→ Source data:
==============================
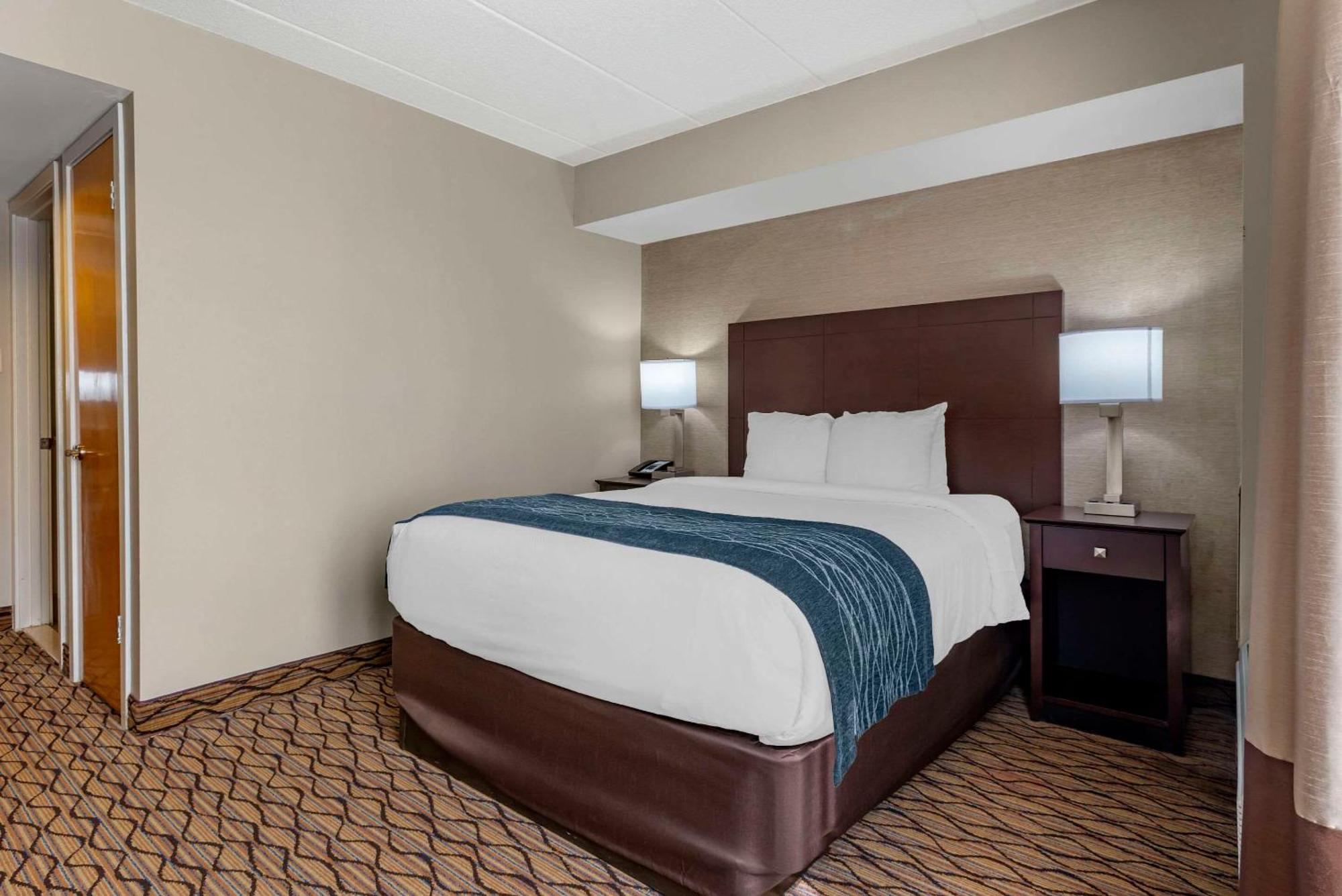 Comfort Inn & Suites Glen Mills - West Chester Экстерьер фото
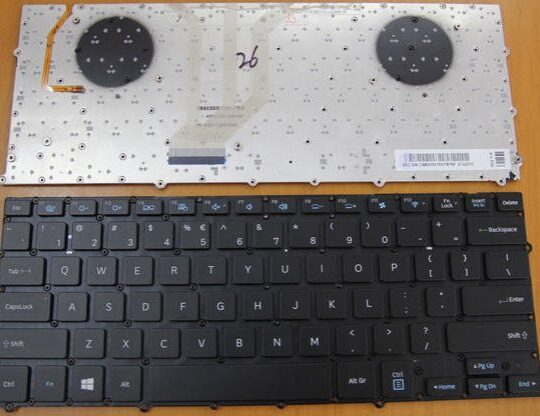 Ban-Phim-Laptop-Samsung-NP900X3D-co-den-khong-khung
==============================
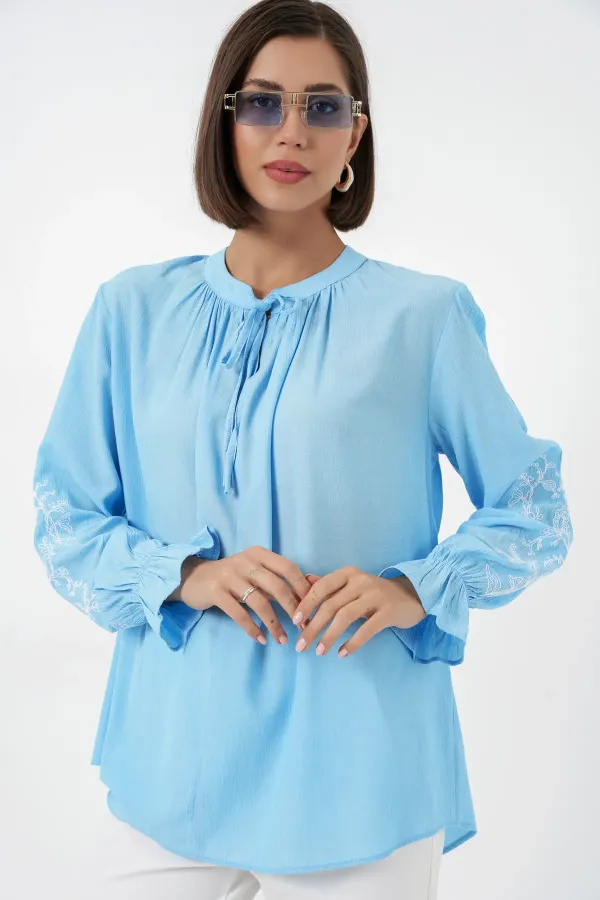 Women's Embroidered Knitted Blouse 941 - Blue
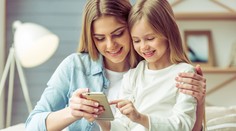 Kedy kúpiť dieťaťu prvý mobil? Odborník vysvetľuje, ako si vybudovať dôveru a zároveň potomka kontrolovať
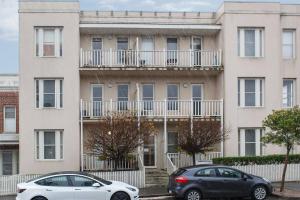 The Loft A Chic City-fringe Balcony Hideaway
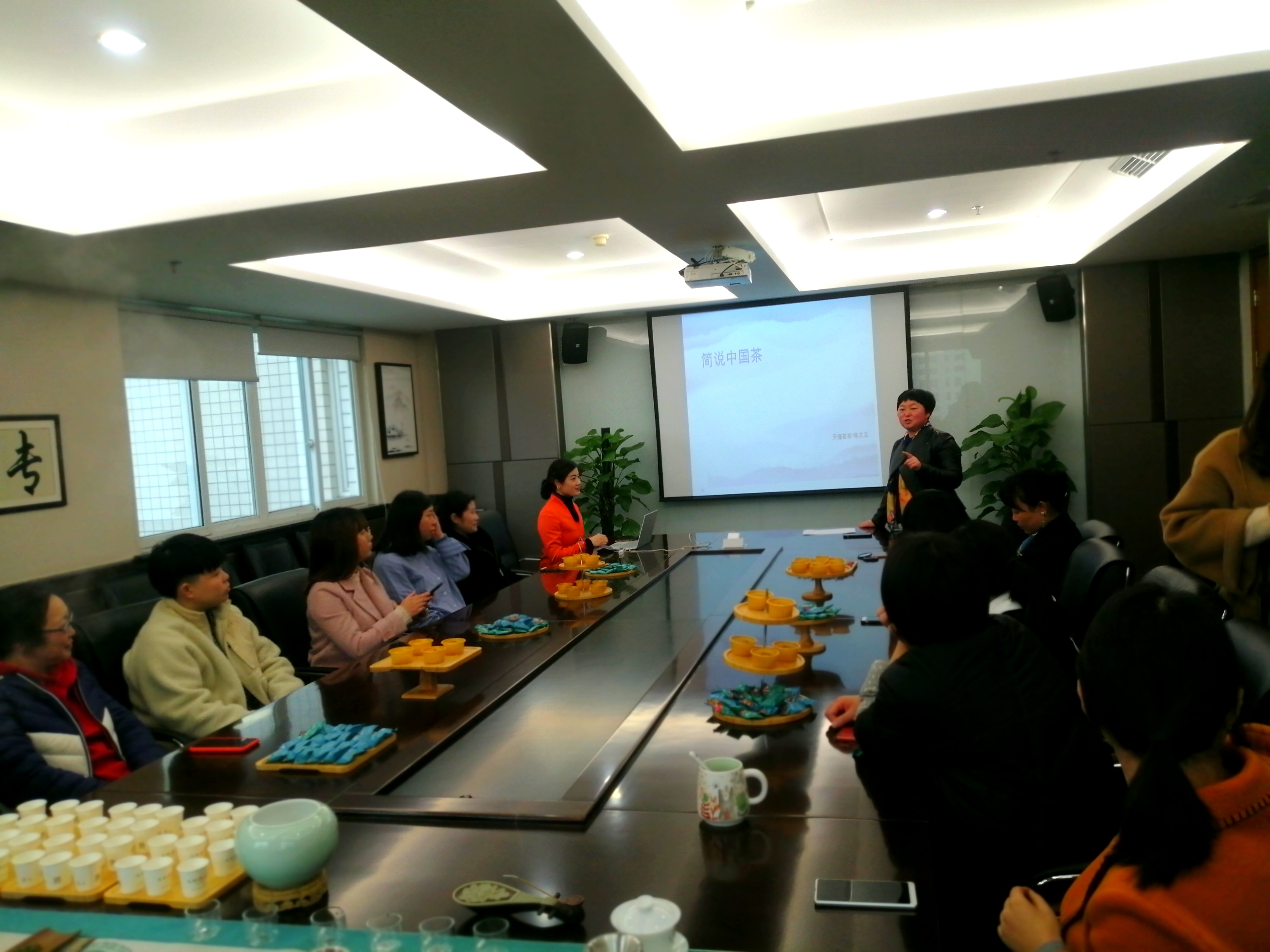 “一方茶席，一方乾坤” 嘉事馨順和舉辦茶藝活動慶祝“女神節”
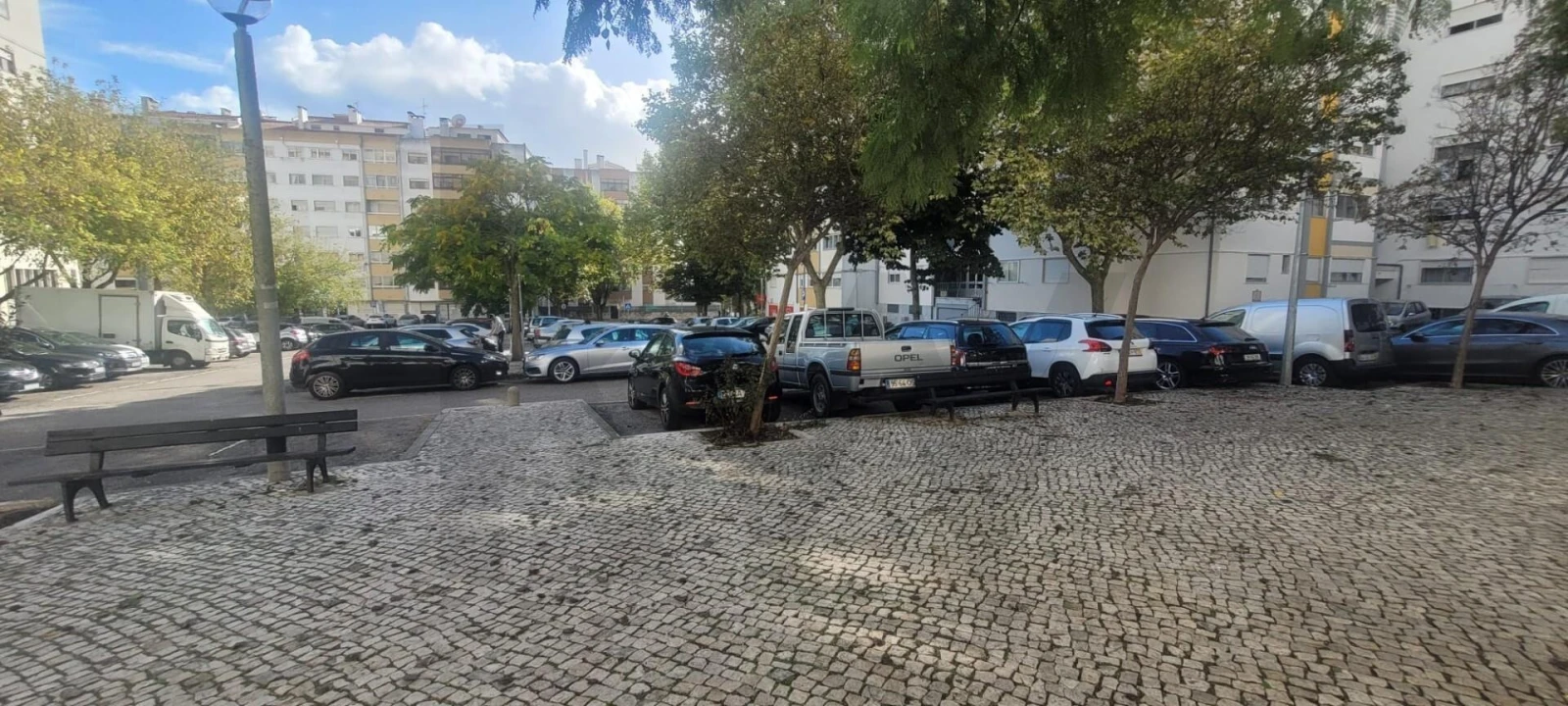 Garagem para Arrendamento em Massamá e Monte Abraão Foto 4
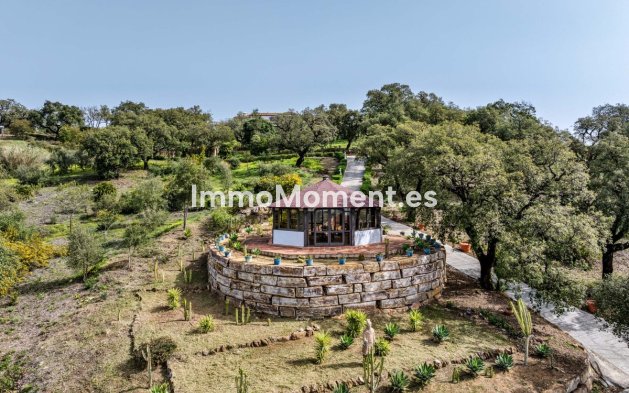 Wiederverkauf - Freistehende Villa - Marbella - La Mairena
==============================
→ Aim of the exercise: Write out exactly the lines above between the one with "Kedy kúpiť dieťaťu" and the one with "Wiederverkauf - Freistehende", inclusive, with pictures left out.

→ Response:
 Kedy kúpiť dieťaťu prvý mobil? Odborník vysvetľuje, ako si vybudovať dôveru a zároveň potomka kontrolovať
 The Loft A Chic City-fringe Balcony Hideaway
 “一方茶席，一方乾坤” 嘉事馨順和舉辦茶藝活動慶祝“女神節”
 Garagem para Arrendamento em Massamá e Monte Abraão Foto 4
 Wiederverkauf - Freistehende Villa - Marbella - La Mairena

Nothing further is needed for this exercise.